I decided to stick with my jeans - tighter than what they were the last time I put them on. And I grabbed a button up shirt that was way too hot for the weather, but did a good job of covering the mountain range around my mid-section.
My friends and I went out to eat at a small pizzeria. We sat out on the patio and ordered a couple of drinks. I was so uncomfortable. I was hot and sweaty. I felt shaky on the little plastic chair I was sitting on. I wanted nothing more than to get out of there and hide.
After dinner, we went back to my friend's house and sat on her porch. Where I didn't have to worry about who was looking at me, or feeling uncomfortable and out of place.
I realized this morning, that's not who I am. Or used to be. I was the girl who LOVED going out. I enjoyed mingling with complete strangers. I enjoyed the night life feel and vibes. But, then I realized...
I'm not that girl, anymore.
I was that girl when I weighed 212lbs. When I looked in the mirror and didn't see fat rolls or awkward bulges, but progress. I saw a slimmer waist-line. Still not perfect, but much better than I'd ever seen before. I saw banging curves. I put clothes on with ease, and felt good in them.
It hit me that my size is defining who I am. Again.
I don't like that feeling. I don't like knowing that the way I look affects how I feel about being out in public, spending time with my friends, interfering with my ability to enjoy myself. But, I know deep down there's only one way to fix it.
I have to change.
Not just the way I feel, but the way I look. I can't go on pretending that I'm OK with myself right now. Because I most definitely am not. I can't pretend that my size doesn't define me. Because it does. When I'm fitter and thinner - I'm happier. When I'm bigger and less fit - I'm unhappy. When I struggle to get in to my clothes, or don't like the way I look in them - I'm down right miserable.
The first four weeks of my summer break I was preoccupied with being at my parents'. Last week, I was preoccupied with teaching classes at a summer camp. What do the next five weeks hold? Being preoccupied with losing this damn weight and getting my life back. There's no more time to sit and worry about it, anymore. I just have to do.

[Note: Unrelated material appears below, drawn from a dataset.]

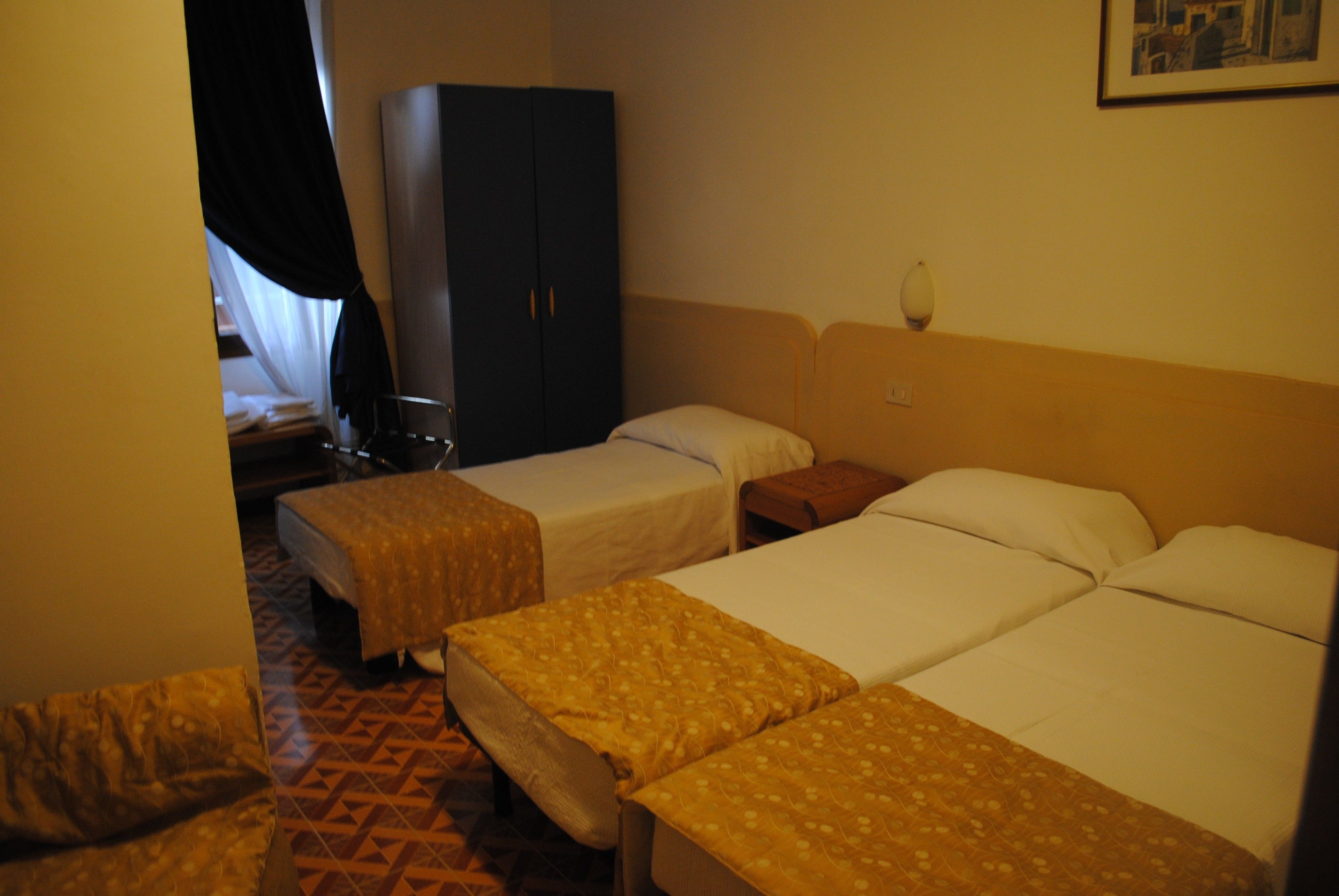 Una habitación de hotel con dos camas individuales, un armario, una mesita de noche y una silla.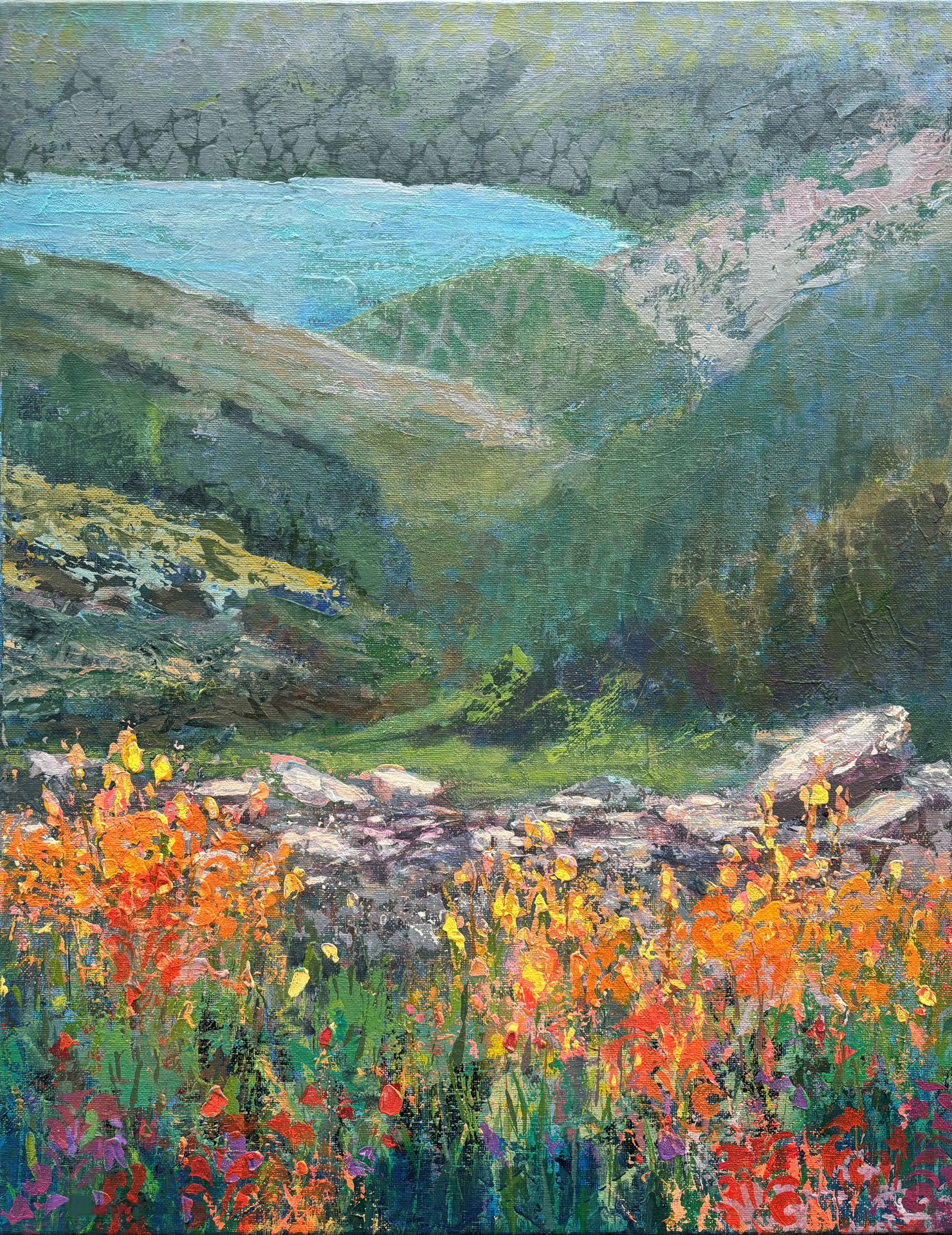 Landscape with colorful flowers in foreground, green hills, and a blue body of water in background.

And you can take that to the bank.
In five weeks, I will stand in front of my mirror and be more happy about what I see. I will put on a pair of pants and not struggle and wiggle to squeeze myself in to them. I will go out for an evening jog, because that's become the habit of what I need to do in order to keep pushing through.
My size will have a new definition for my life. It will be smaller. The size, but my life will be better. I will be better. And it won't be about how I look, but what I've accomplished. Well, who am I kidding? How I look will be a big part of it, too.